I got an estimate on fixing some of the problems with Suzy and was informed that it would cost a small fortune to get her running right again. Big surprise there. It was to be expected after all. I am a serial auto mutilator. I go through cars faster than most people go through cellphones. I have shoes that I’ve owned longer than I’ve owned any one particular car. Heck, I have underwear that outlasts my cars. But, again, it’s not my fault. I blame it all on Murphy.
For most of my life, my dad has worked from home doing paint and body work on cars and has long been active at car shows and race tracks. Given all that, he has had an assortment of cars throughout the years. Most were just utility vehicles used to shuttle us girls back and forth to school, activities and friends’ houses–vehicles to get my daddy to the paint supply store or over to check on his mom. But some of those cars were there just for the joy of owning the car. They may not have been practical as a family car but they sure were nice to drive and usually even nicer to look at.
I didn’t get my driver’s license until I was 18, but my career in car abuse began long before I was ever old enough to get behind the wheel or have my own car. The first auto injury I can remember inflicting happened in the 5th grade. At the time, my daddy had one of his “nice to look at” cars. It was a 1965 Chevy Impala. Convertible. It was blue with a black top. A convertible isn’t all that practical in WA given that you can only take the top down for about 2 days out of the year but that didn’t matter. It was a beautiful car.
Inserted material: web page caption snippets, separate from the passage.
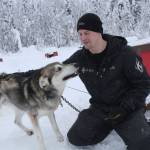 Five-time Iditarod champion Dallas Seavey is shown Feb. 22, 2022, playing with Prophet, one of his lead dogs, at his kennel in Talkeetna, Alaska. Seavey is tied with musher Rick Swenson for the most Iditarod victories ever, and Seavey is looking for his sixth title when the Iditarod Trail Sled Dog Race starts this weekend in Alaska. (AP Photo / Mark Thiessen)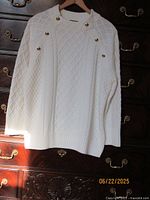 Front view of Talbots white cable-knit sweater with gold-tone buttons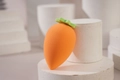 Makroaufnahme von karottenförmigem orange-grünem Make-up-Schwamm auf weißem Sockel - Orange Karotte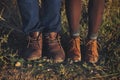 Couple man and woman feet in love romantic outdoor with autumn s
I remember one cold winter morning, we were rushing off to school–my mom driving us in the Impala. I happen to have a really bad habit, one my mom has spent precious time and oxygen scolding me about. I have a habit of slamming doors shut. I can’t say exactly why I feel the need to shut doors with such force. Maybe I figure if I slam it shut, I guarantee I won’t have to come back and do it again. Maybe it’s an after thought as I’m already rushing off to something else. Who knows? The point is, I’m hard on a door.
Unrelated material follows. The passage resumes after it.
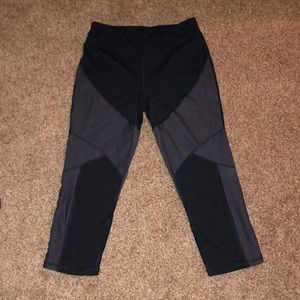 Mid calf black crop leggings.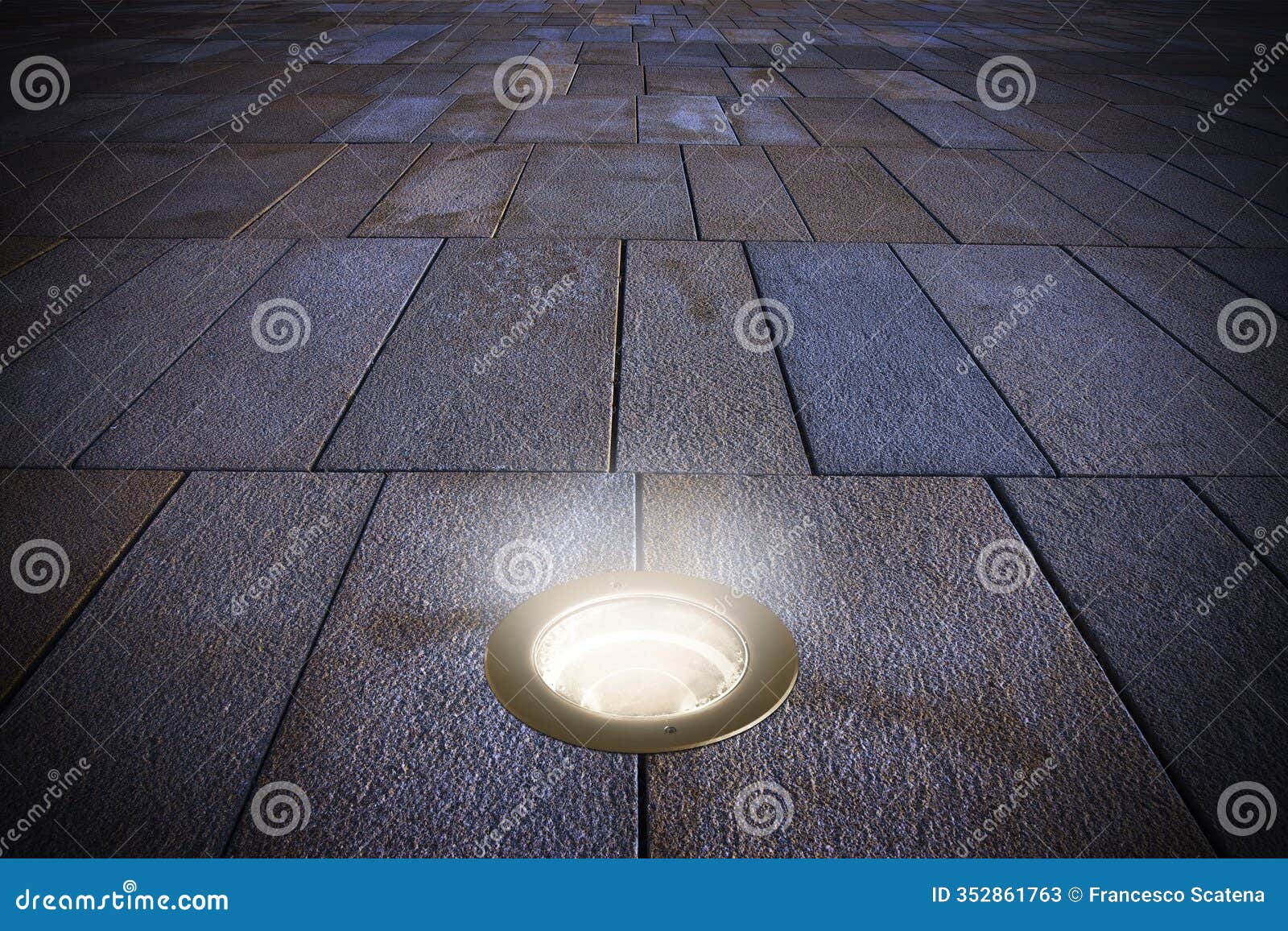 new paving made with stone blocks of rectangular  in a pedestrian zone with recessed floor lamp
This particular morning was a see-your-own-breath kind of morning–it was cold. We pulled up in front of the school in the pristine blue Impala. My younger sister scrambled out first and took off for her class. I tumbled out next, poked my head in the car to say goodbye to my mom and then reached for the door. I gave it a good swing just as my mom’s fateful words carried across the bench seat to my ears. “Don’t slam the—“
What happened next was a phenomenon that up to this point I wasn’t aware could even occur. It turns out that if tempered glass gets cold enough and is then hit with enough force, it breaks. When that door shut, the passenger window just shattered and thousands of graules of glass went flying. I just stood there slack-jawed, shocked at the fact that I had just destroyed the window of my dad’s car.
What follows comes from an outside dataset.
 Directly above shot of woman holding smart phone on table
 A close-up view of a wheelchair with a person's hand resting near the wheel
Then, standing amidst a puddle of broken, frozen glass, I broke into tears. My mom was kind enough to not lecture me at that point, she just urged me to get to class before I was late.
I was still crying when I got to class but, after dumping all my guilt and fear on my teacher, I was soon able to calm down enough to participate in class. The thing about guilt is that sometimes it can eat away at you better than any punishment. I worried all day about what my dad was going to say to me. What was going to happen to me for breaking my daddy’s car window? Was I going to have to pay for it? Would I be forever subject to a lecture on why we NEVER slam doors? Were my parents right now sitting at home conjuring up a punishment worthy of my crime?
It was with utter dread that I stepped off the bus that afternoon and walked into the house to face my parents. I think they saw the sheer terror on my face and took pity on me. I did get a lecture but that was it. I apologized up and down and I don’t doubt that (at the time) I swore I would never again slam another door as long as I lived.
That lasted until I actually had to close one. I’m still slamming them to this day. Sorry mom!